--- Raw data Enclosed Below ---

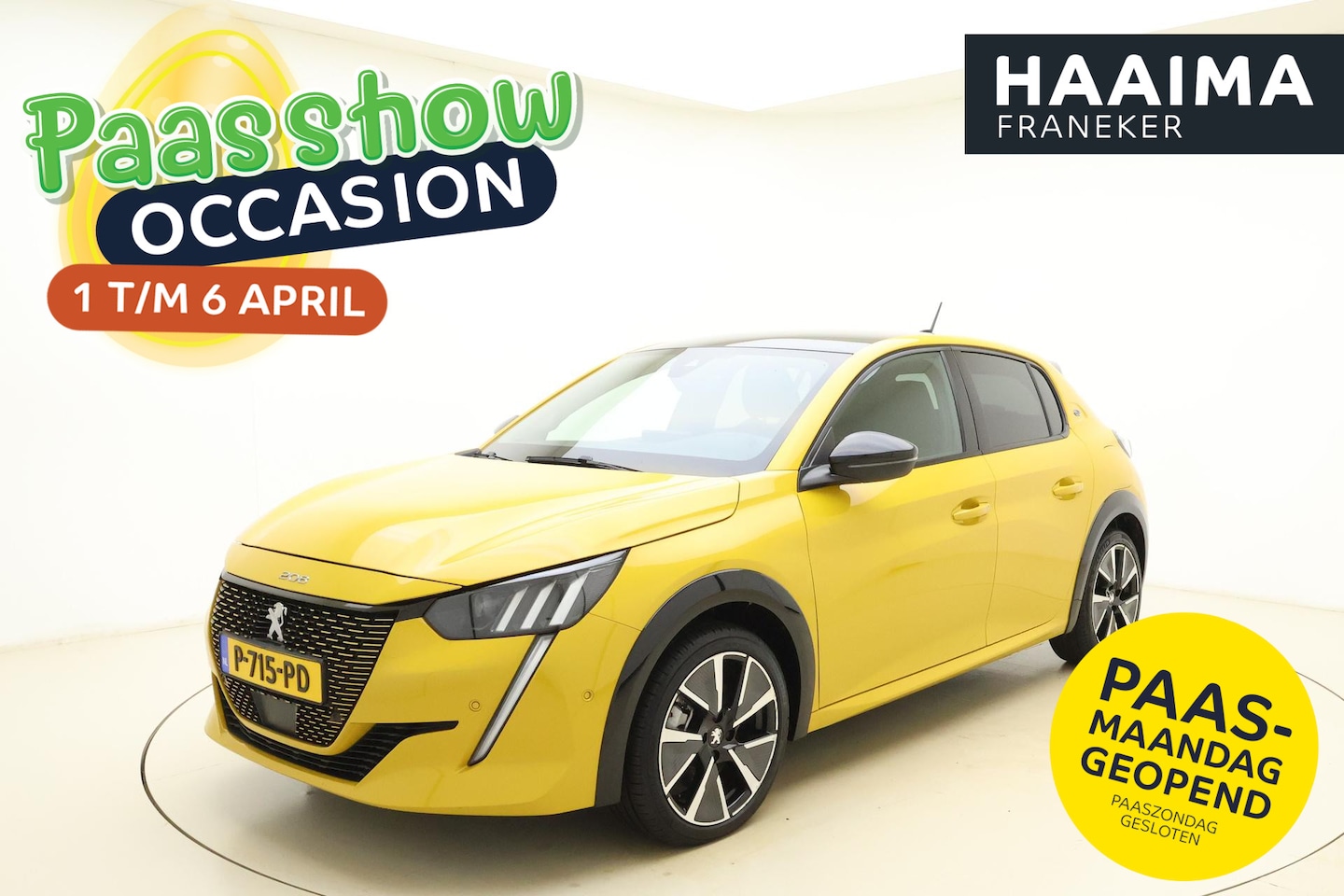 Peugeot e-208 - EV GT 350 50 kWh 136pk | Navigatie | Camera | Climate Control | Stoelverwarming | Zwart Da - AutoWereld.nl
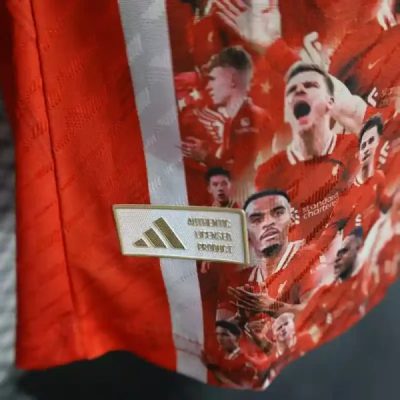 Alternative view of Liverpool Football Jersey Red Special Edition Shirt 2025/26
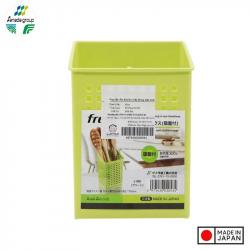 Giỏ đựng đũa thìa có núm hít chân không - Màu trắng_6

--- End of Enclosed Raw data ---

Directions for this task: Your copy must repeat the data word for word and show none of its images.

Written solution:
 Peugeot e-208 - EV GT 350 50 kWh 136pk | Navigatie | Camera | Climate Control | Stoelverwarming | Zwart Da - AutoWereld.nl
 Alternative view of Liverpool Football Jersey Red Special Edition Shirt 2025/26
 Giỏ đựng đũa thìa có núm hít chân không - Màu trắng_6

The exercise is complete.